3. On or about 15 May, 1922, the said Duncan Campbell notified the defendant, Church of the Covenant, that the said U. A. Underwood was indebted to him on his said subcontract in the sum of $1,250, and that he would require the Church of the Covenant to pay to him that sum from the moneys due by said church to U. A. Underwood.

4. Thereafter the plaintiff herein instituted suit against U. A. Underwood in the Superior Court of Wake County and recovered judgment against him on his said subcontract for the sum of $1,250, with interest and cost. In the said action the defendant therein, U. A. Underwood, set up a counterclaim against the said Duncan Campbell, which is substantially the same as the counterclaim set up by the defendants in this action, and a verdict was found against the said U. A. Underwood on the said counterclaim.

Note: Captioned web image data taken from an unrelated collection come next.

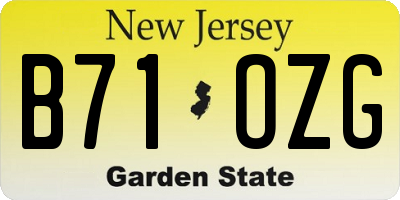 NJ license plate B71OZG
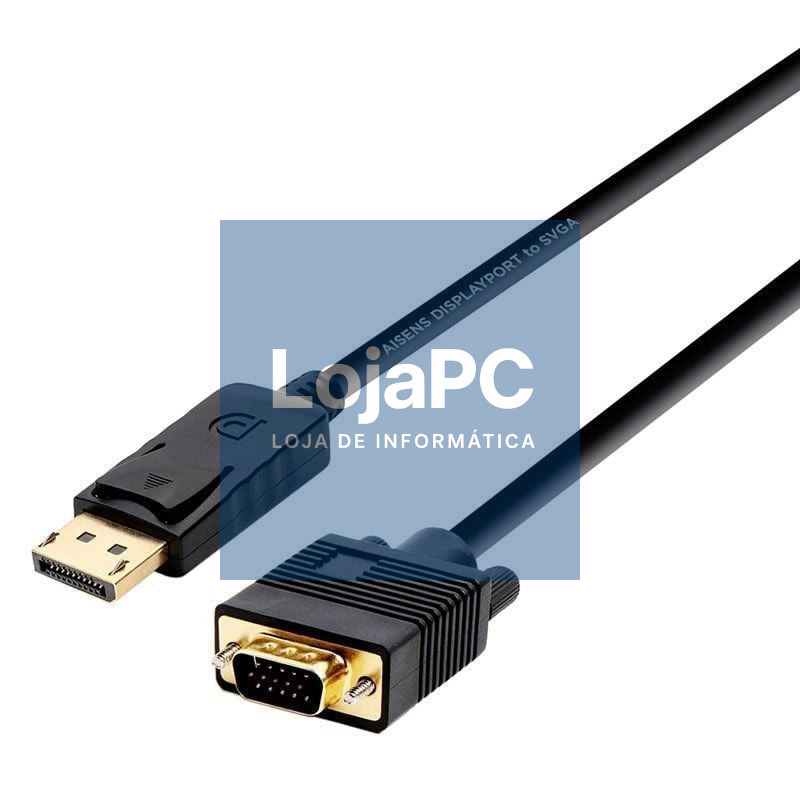 Cabo Conversor Aisens A125-0365/ DisplayPort Macho - VGA Macho/ até 5W/ 2300Mbps/ 2m/ Preto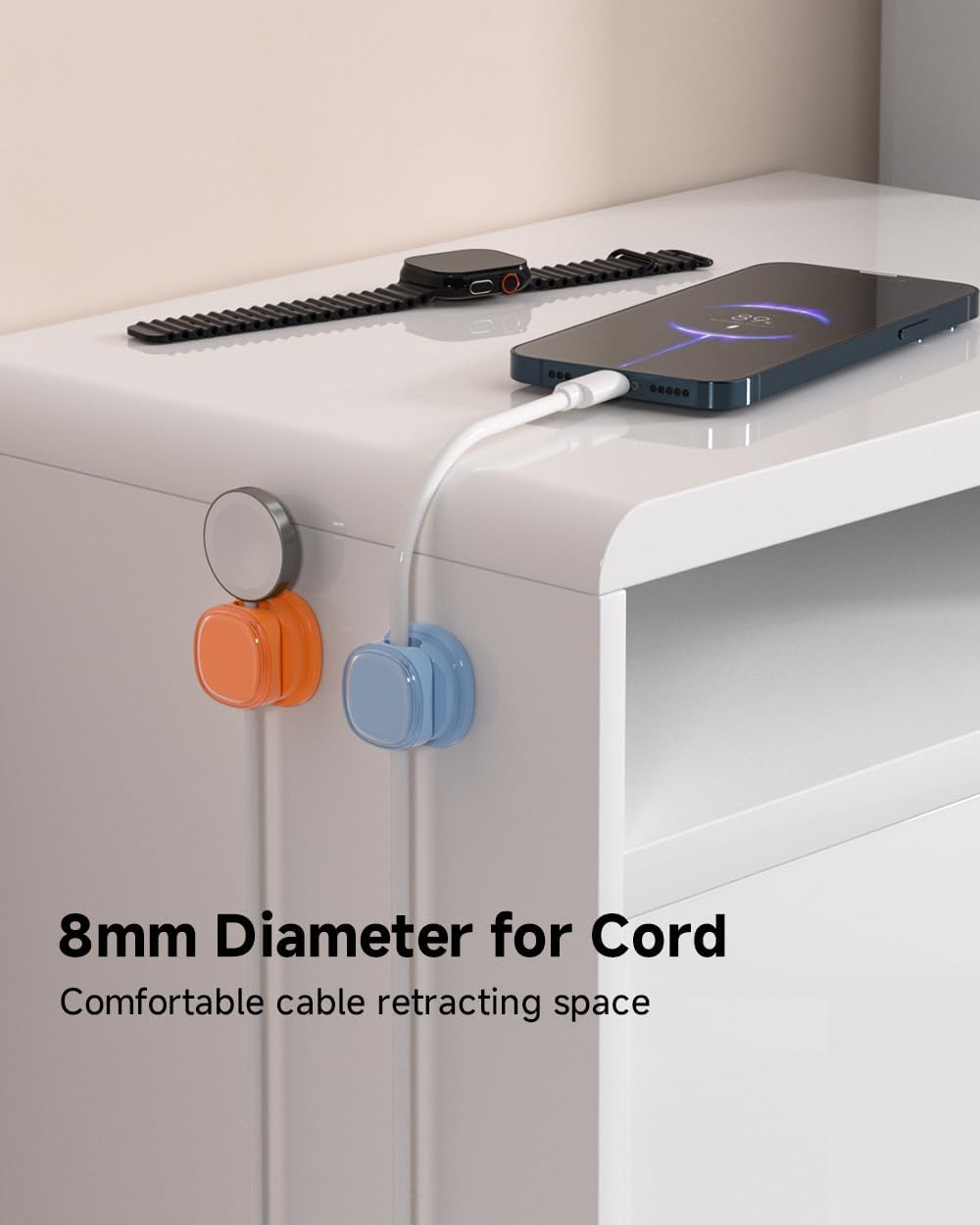 9 Pack Cord Organizer, Spring Cable Management, Adhesive Cute Cable Holder Clips, Phone Charger Wire Keeper for Desk Nightstand Car Office (9-Pack White_Orange_Blue)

5. Subsequently, but more than six months after the giving of the notice by the said subcontractor, Duncan Campbell, to the owners, defendants herein, this action was brought by the said Duncan Campbell against the said Church of the Covenant. *465

6. At the time of giving said notice, the Church of the Covenant was indebted to U. A. Underwood upon his said contract in a sum exceeding $1,250.

7. U. A. Underwood completed the said contract with the Church of the Covenant, and delivered the said buildings in accordance with the terms of his contract and at the contract price.

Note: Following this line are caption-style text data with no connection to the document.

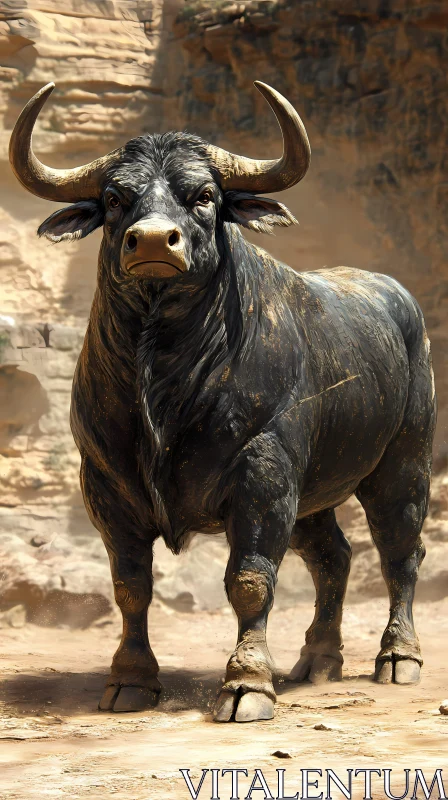 Robust Desert Bull AI Image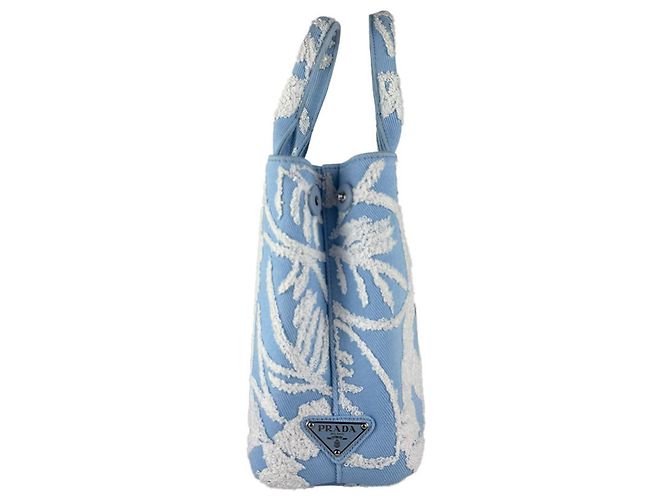 Prada Handtasche/Schultertasche aus Canvas Weiß Blau - Ansicht 2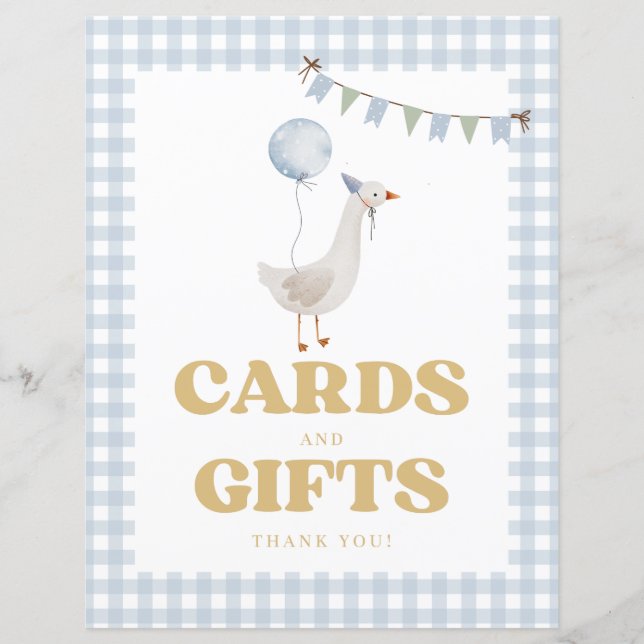 Blue Gingham One Fånig Goose Cards and Gifts Sign (Framsida)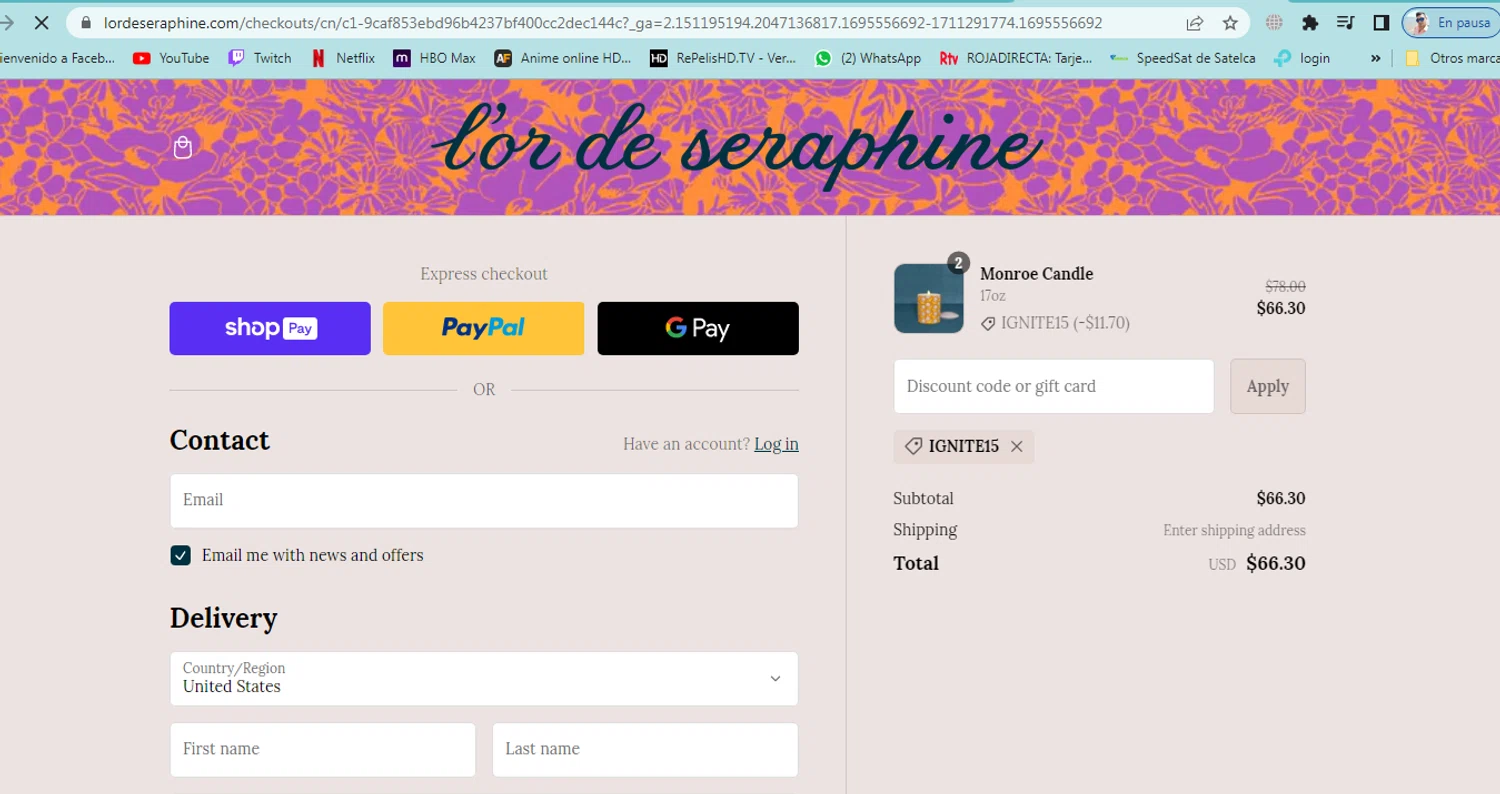 L'or de Seraphine checkout page showing L'or de Seraphine promo code box | Screenshot taken by SimplyCodes community member on Sep 24, 2023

8. U. A. Underwood is now insolvent, but the said Church of the Covenant required the said U. A. Underwood to furnish to the said church an indemnity bond to indemnify the said church against the claim of the plaintiff, which bond was given with the Maryland Casualty Company as surety thereon, and which bond the defendants now hold.

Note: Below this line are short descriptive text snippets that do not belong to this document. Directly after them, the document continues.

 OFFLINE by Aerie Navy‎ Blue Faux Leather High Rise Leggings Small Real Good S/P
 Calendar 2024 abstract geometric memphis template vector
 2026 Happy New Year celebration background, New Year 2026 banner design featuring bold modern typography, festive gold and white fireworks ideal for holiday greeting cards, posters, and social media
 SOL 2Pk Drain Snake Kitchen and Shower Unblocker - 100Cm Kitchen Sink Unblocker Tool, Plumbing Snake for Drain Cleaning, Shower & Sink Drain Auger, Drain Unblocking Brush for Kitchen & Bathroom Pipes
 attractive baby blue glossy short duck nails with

Upon these facts, Judge Daniels rendered the following judgment:

"It appearing to the court that the only defense insisted on by the defendant, Church of the Covenant, is that the suit to enforce the claim was not brought within six months after notice to the church of the plaintiff's claim, and the court being of the opinion that under the statute, where a lien is not filed, but notice is required to the owner to withhold the fund, the suit is not required to be brought within six months after giving said notice:

"It is therefore ordered and adjudged that the plaintiff, Duncan Campbell, recover of the defendant, Church of the Covenant, the sum of $1,250, the amount of its claim, with interest thereon from 15 May, 1922, and his cost incurred in this action, to be taxed by the clerk."

The defendants excepted and appealed. The only question is whether it was necessary for the plaintiff to bring suit within six months after filing notice of his claim with the defendants. In Hildebrand v. Vanderbilt, 147 N.C. 639, it is said: "By virtue of Revisal, 2028 (C. S., 2470), the lien of a laborer or materialman must be filed in twelve months [now six], but by Revisal, 2022 (C. S., 2441) it can be acquired without filing if a statement of the amount due is rendered the owner. However acquired, the lien is lost if action thereon is not begun in six months. Revisal, 2027, 2023 (C. S., 2474, 2479). The plaintiff, not having begun this action within six months after giving the statement of his claim to the owner on 1 October, 1900, has no lien, but he can maintain this action against the owner personally, under Revisal, 2021 (C. S., 2439, 2440), which makes it the "duty of the owner to retain from the money thus due the contractor a sum not exceeding the price contracted for," to be paid to the laborer, mechanic, or materialman whenever an itemized statement *466 of the amount due him is furnished by either of such parties or the contractor." See, also, C. S., 2441.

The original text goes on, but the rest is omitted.